This is one of the most haunting scenes in all of Jewish literature. Targum Pseudo-Jonathan preserves it in its full strangeness: Moses approached the camp, saw the calf and the instruments of music in the hands of the wicked, and saw Satana — the Accuser — dancing and leaping before the people. His wrath was suddenly kindled. He cast the tablets from his hands and broke them at the foot of the mountain. And the holy writing that was on them flew, and was carried away into the air of the heavens (Exodus 32:19).

Why did the letters fly away?

This is one of the great targumic images. The sages of the classical midrashic tradition (Pesachim 87b, c. 500 CE; Avot DeRabbi Natan 2, c. 700 CE) elaborated it. The sapphire tablets were being carried down the mountain by Moses, but the true weight of the tablets was borne by the letters themselves — each otiot, each Hebrew character, actively lifting the stone through its own sanctity. When Moses saw the calf and understood what Israel had done, the letters knew. They could not tolerate being borne into a camp of idolatry. They fled, returning upward to the throne of glory from which the sapphire had been cut.

Without the letters, the tablets became too heavy for any human arm. They fell from Moses's hands not because he threw them, in this reading, but because the weight became unbearable the moment the letters departed. The breaking at the foot of the mountain was half Moses's anger and half physics — gravity reasserting itself on sapphire no longer held up by Torah.

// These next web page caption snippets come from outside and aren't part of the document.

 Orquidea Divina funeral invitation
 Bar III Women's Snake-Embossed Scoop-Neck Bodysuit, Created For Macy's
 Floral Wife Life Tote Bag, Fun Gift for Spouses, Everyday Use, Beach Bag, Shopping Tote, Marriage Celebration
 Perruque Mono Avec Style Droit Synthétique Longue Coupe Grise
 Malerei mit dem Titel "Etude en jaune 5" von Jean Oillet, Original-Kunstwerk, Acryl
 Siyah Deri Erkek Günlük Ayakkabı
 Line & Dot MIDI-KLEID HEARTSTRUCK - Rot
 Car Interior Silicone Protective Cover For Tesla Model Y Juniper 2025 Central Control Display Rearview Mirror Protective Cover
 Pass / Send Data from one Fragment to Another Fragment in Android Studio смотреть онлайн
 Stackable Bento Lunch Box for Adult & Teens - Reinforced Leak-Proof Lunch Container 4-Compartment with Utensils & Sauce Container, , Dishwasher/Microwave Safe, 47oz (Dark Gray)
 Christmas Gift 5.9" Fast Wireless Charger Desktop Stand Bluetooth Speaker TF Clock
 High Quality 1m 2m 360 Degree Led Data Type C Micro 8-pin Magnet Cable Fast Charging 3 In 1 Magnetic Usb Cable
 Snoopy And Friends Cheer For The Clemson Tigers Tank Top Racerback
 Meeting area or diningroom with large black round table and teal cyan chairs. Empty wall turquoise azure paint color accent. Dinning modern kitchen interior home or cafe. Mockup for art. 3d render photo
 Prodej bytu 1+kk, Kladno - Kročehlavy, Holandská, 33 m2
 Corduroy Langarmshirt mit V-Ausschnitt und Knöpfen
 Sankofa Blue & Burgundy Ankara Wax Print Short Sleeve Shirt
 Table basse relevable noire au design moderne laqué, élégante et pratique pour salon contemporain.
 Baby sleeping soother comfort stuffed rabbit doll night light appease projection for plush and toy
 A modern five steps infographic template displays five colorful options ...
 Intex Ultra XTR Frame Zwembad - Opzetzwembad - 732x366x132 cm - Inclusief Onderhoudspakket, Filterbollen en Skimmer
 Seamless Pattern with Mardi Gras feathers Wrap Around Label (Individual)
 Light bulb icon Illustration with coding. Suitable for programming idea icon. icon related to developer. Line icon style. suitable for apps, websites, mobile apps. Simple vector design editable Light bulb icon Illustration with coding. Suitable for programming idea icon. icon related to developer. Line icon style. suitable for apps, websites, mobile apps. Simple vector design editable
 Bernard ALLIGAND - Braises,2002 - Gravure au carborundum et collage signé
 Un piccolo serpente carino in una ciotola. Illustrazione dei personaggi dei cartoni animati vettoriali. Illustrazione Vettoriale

And the figure of Satana — Ha-Satan the Accuser — dancing and leaping among the people is another chilling targumic addition. This is not a rebel devil. This is the heavenly prosecutor, doing his job. He rejoices when humans fail because every failure strengthens his case in the heavenly court (Job 1:6-12). Moses saw him visible among the crowd — a sign of how thin the veil between worlds had become on that terrible day.

Moses's final cry — Woe upon the people who heard at Sinai from the mouth of the Holy One, Thou shalt not make to thyself an image — echoes for forty days. And then he climbs the mountain again to pray.

The Maggid takes this home: when the holy letters leave, the stones we carry become unbearable. Carry your tablets gently, and do not let the letters fly.